Established in Hughes v Metropolitan Railways, widely developed in Central London Property
Trust Ltd v High Trees House Ltd.
Arden LJ, in Collier commended the development of the law by Denning J in High Trees as
‘brilliant’.
Clearly defined limits summarized by Kitchin LJ in MWB Business Exchange Ltd.

The five elements of promissory estoppel are:


1. Presence of a clear and unequivocal promise that the promisor will not insist on his strict
legal rights against the promisee. It maybe express (High Trees) or by conduct (Hughes).
In cases where the statements considered as a basis to establish a promissory estoppel is
vague, clarification must be sought (Kim v Chasewood Park Residents).
2. Need for reliance on the promise by the promisee (High Trees).
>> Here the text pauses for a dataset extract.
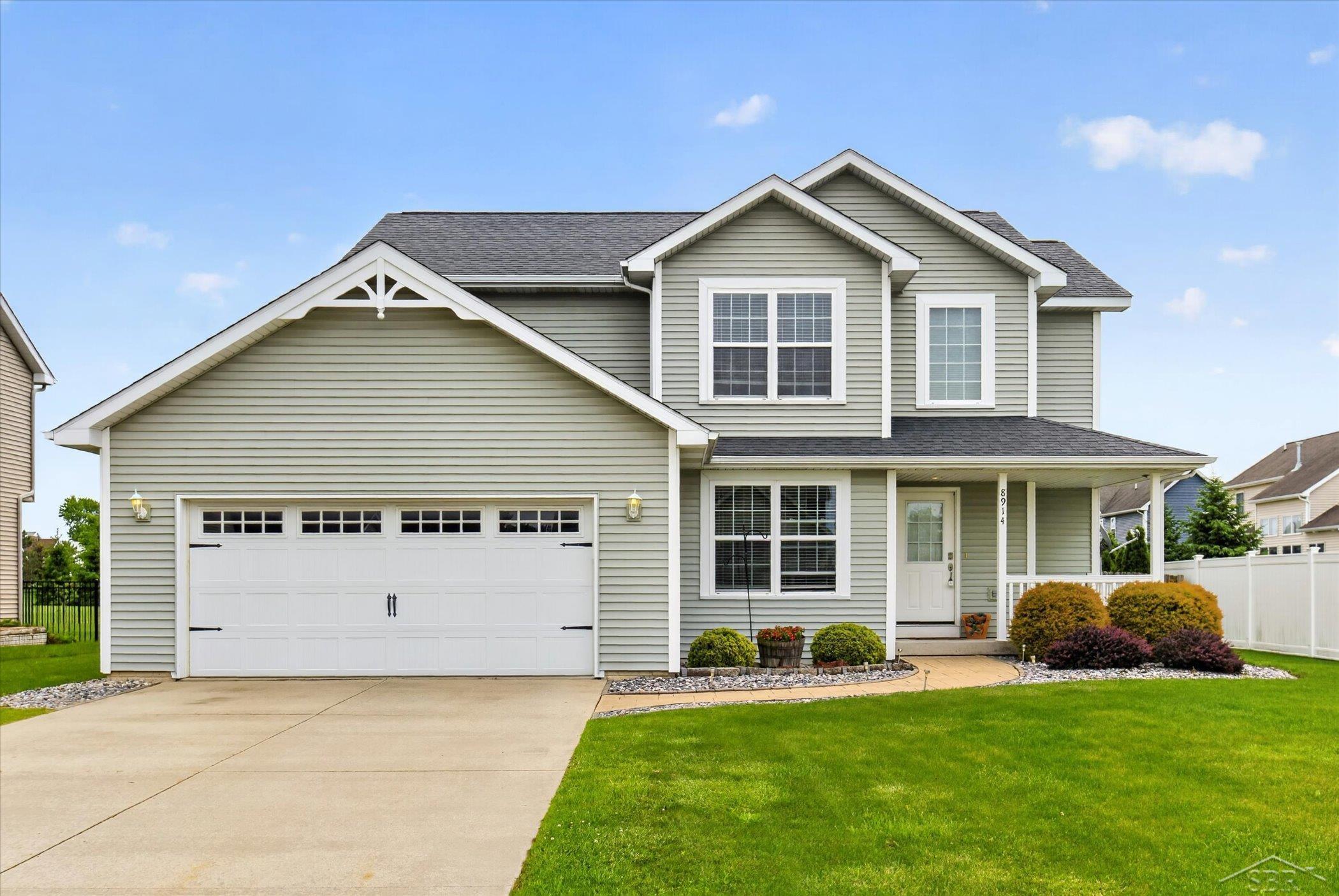 1st image of 8914 Cottonwood Dr, Freeland, MI 48623 | MLS# 61050212070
This reliance need not be
detrimental, just relying on the promise will suffice (Alan v El Nasr).
3. It would be inequitable for the promisor to go back on his word (D & C Builders v Rees).
However, it would not be inequitable if the promise was withdrawn so quickly that it did not
result in a detriment suffered by the promise by relying on it. (The Post Chaser).
4. It can be used as a shield rather than a sword. Lord Denning, in Combe v Combe held that
promissory estoppel cannot be used as a basis for course of action.
5. It is generally suspensory. After a certain period of time, after the special circumstances have
passed, the original terms of the contract can be continued (High Trees). The promisor can
also give reasonable notice terminating or withdrawing the promise (Tool Metal
Manufacturing Co Ltd v Tungsten Electric Co Ltd).